US marshals said there have been reports that the accomplice, Casslyn Welch, was spotted on Monday at a restaurant in St Mary, Montana, near Glacier National Park, and in southwestern Canada.
Montana’s acting marshal, Rod Ostermiller, said there were multiple other tips from the Glacier area, but he didn’t say whether any included sightings of escapee John McCluskey. The national park abuts the Canadian border in rugged terrain, but the border to the east, along the Blackfeet Indian Reservation, is fairly flat.
“These guys have the ability to get in the car and move relatively easily,” said Fidencio Rivera, chief deputy US marshal for the Arizona district, explaining the wide search area.
A US Border Patrol helicopter joined the search on Tuesday, but authorities on both sides of the rambling border acknowledged it was impossible to completely secure it.
Glacier County Undersheriff Jeff Fauque said there are several, small roads that cross into Canada.
“If you are really dedicated to getting across without being detected, you can do it,” he said.
Sergeant Patrick Webb, a spokesman for the Royal Canadian Mounted Police in Calgary, Alberta, said Mounties were checking out reports of sightings, but none has been substantiated.
Rivera said the couple have connections in Montana, and marshals are also pursuing leads in Indiana and Pennsylvania, where the fugitives also have ties.
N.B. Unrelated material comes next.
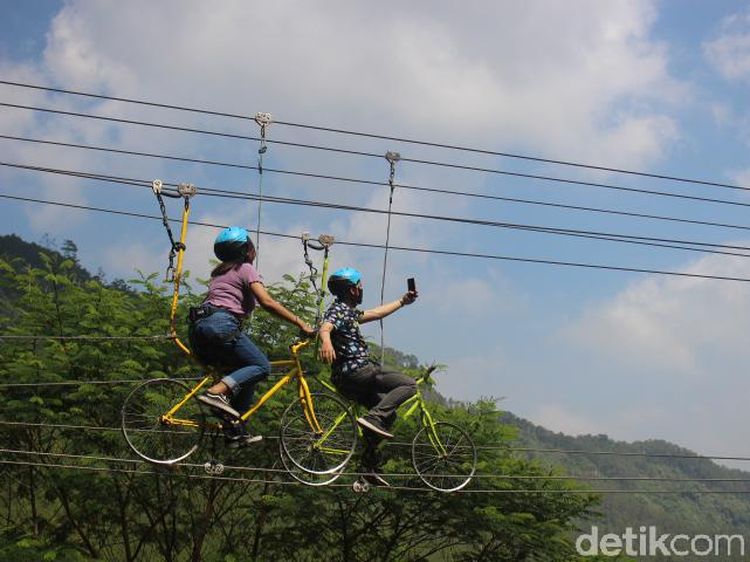 Foto: 5 Wisata Hits Bandung, Asyik Jadi Spot Ngabuburit!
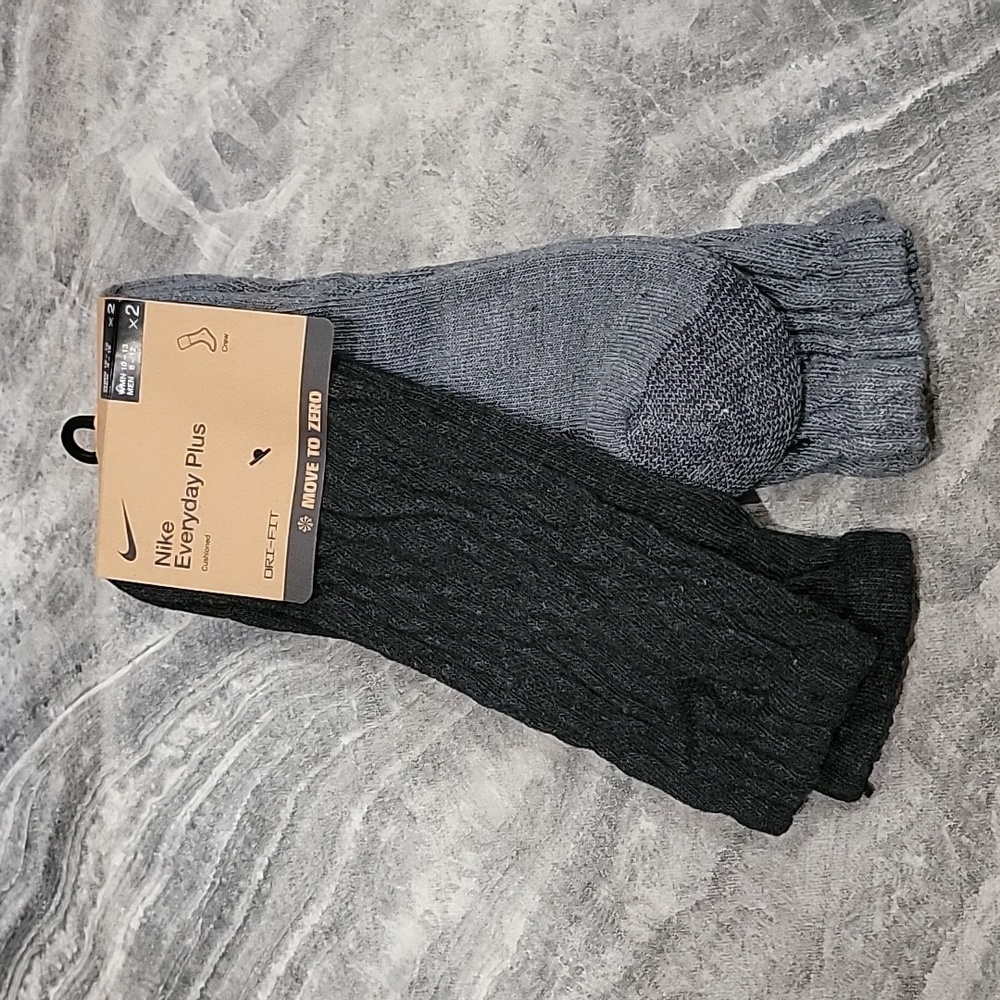 NWT UNISEX NIKE dri-fit 2pk crew socks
Rivera promised more arrests of people suspected of helping the pair and said details would be announced later in the day.
The Arizona attorney general’s office on Monday charged two women, including McCluskey’s mother, with helping the inmates after they escaped.
Another prisoner who escaped with McCluskey waived his right to fight extradition to Arizona.
Tracy Province, 42, appeared in court in Cody on Tuesday, one day after he was captured in the small town of Meeteetse. He waived the right to fight extradition to Arizona and signed a waiver form in handcuffs.
Given the attention the case has received, Park County Circuit Judge Bruce Waters said he expected Province to be returned to Arizona soon.
Province was caught on Monday as he walked in sleepy Meeteetse, Wyoming, steps from a church where he sat in the pews a day earlier and sang Your Grace Is Enough. A woman he talked to after church recognized him from a photograph shown on television, but he went undetected at one of the town’s two bars the night before, even though his photo was broadcast on The Cowboy Bar’s television during the news.